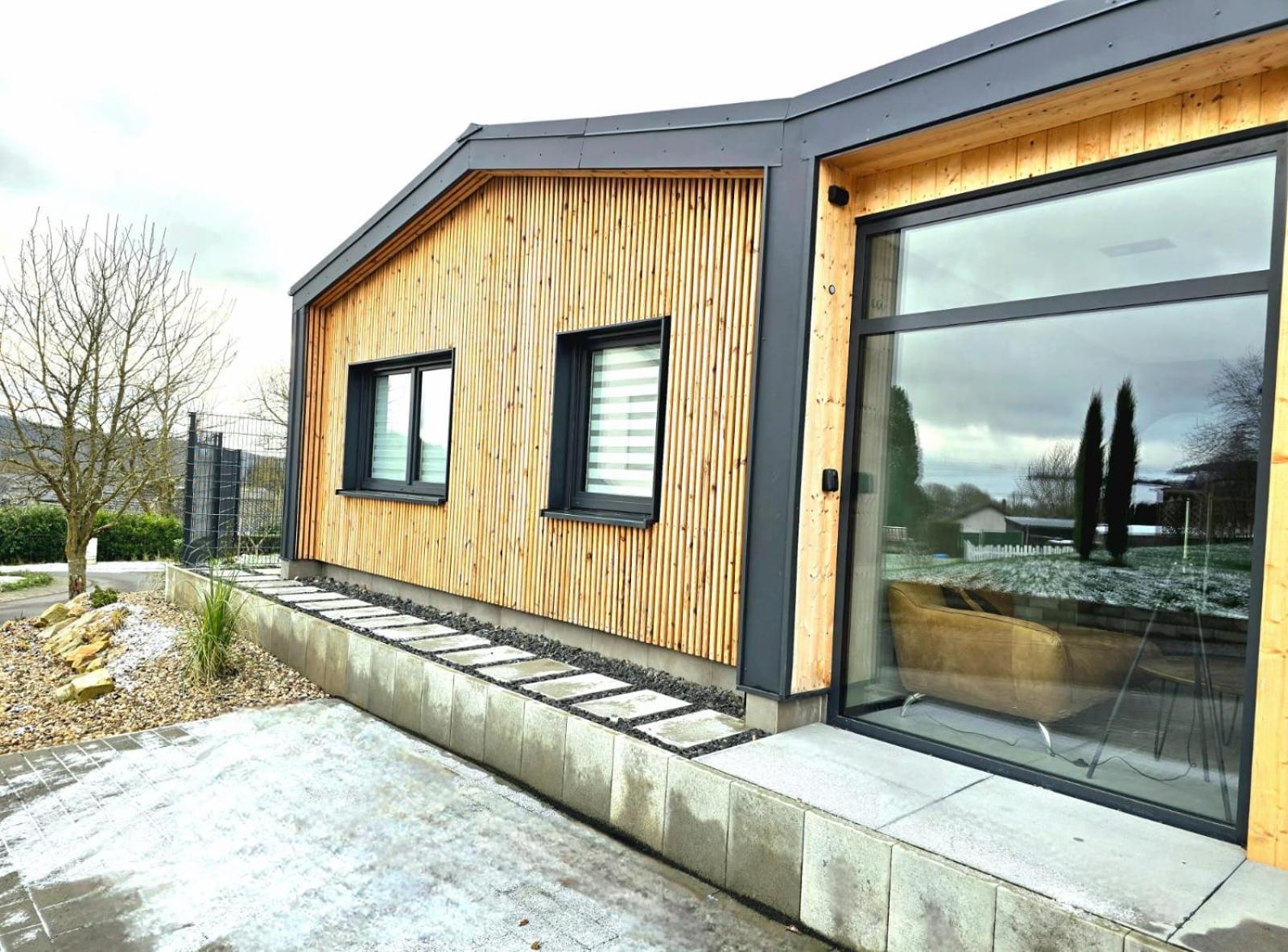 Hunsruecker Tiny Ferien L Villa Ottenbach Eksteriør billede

__________

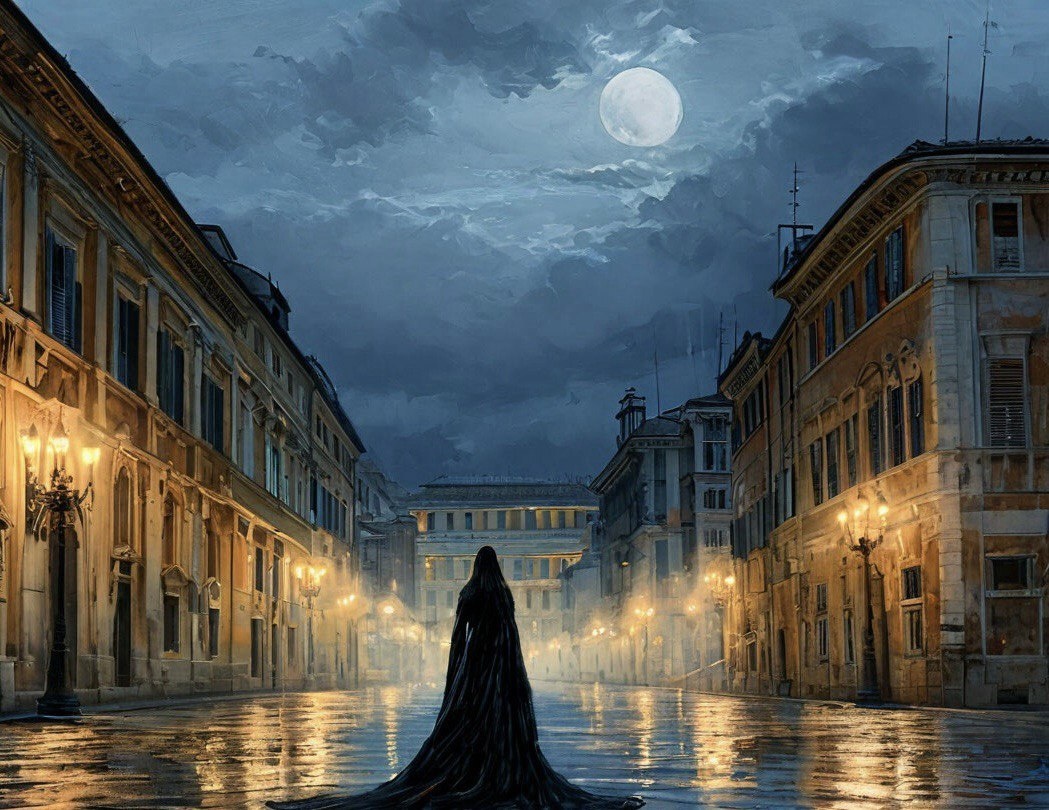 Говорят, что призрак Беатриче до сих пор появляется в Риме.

__________

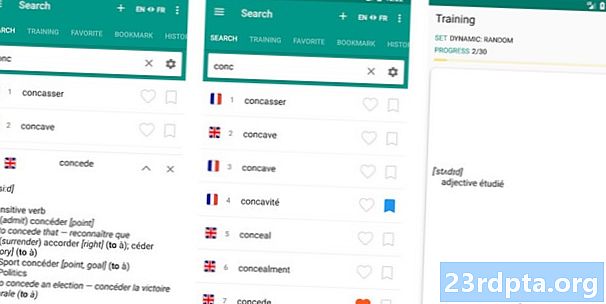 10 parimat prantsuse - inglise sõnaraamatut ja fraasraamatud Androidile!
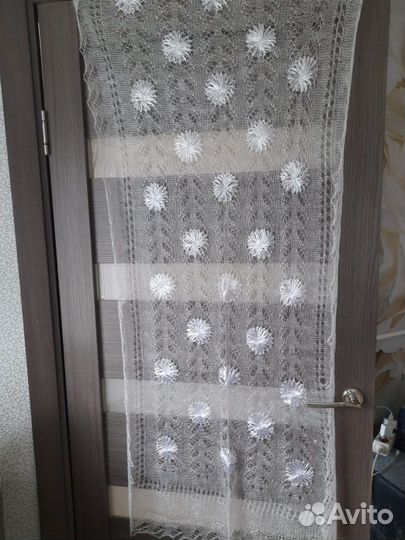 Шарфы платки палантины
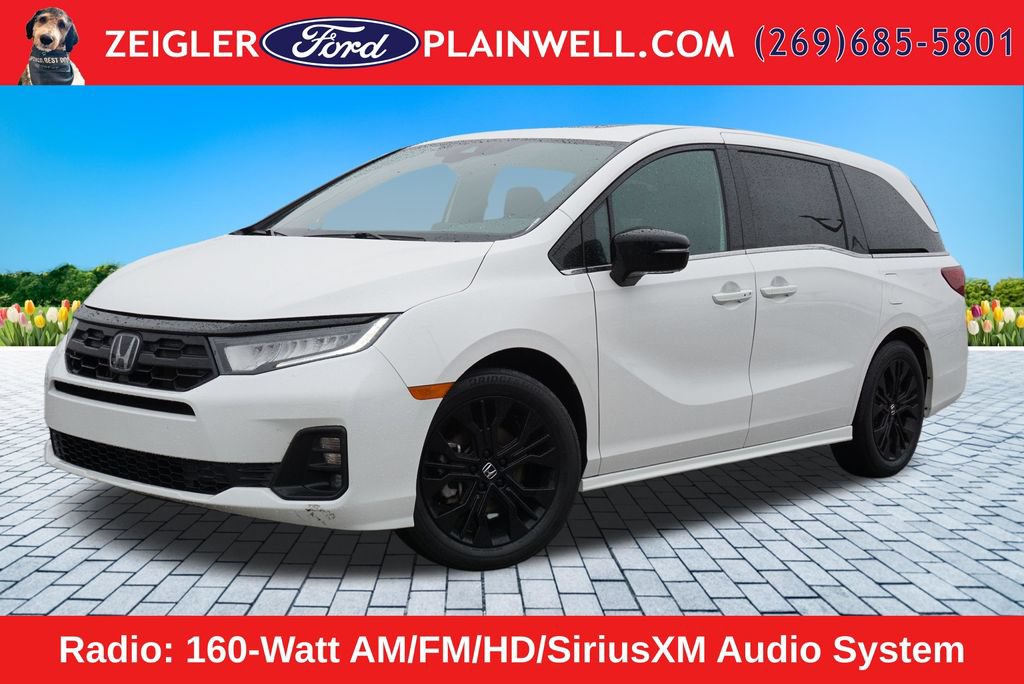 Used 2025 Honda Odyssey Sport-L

__________

## Exercise brief:
Leave out the images and write out the lines above exactly, from the one with "10 parimat prantsuse" up to and including the one with "Used 2025 Honda Odyssey Sport-L".

## Exercise solution:
 10 parimat prantsuse - inglise sõnaraamatut ja fraasraamatud Androidile!
 Шарфы платки палантины
 Used 2025 Honda Odyssey Sport-L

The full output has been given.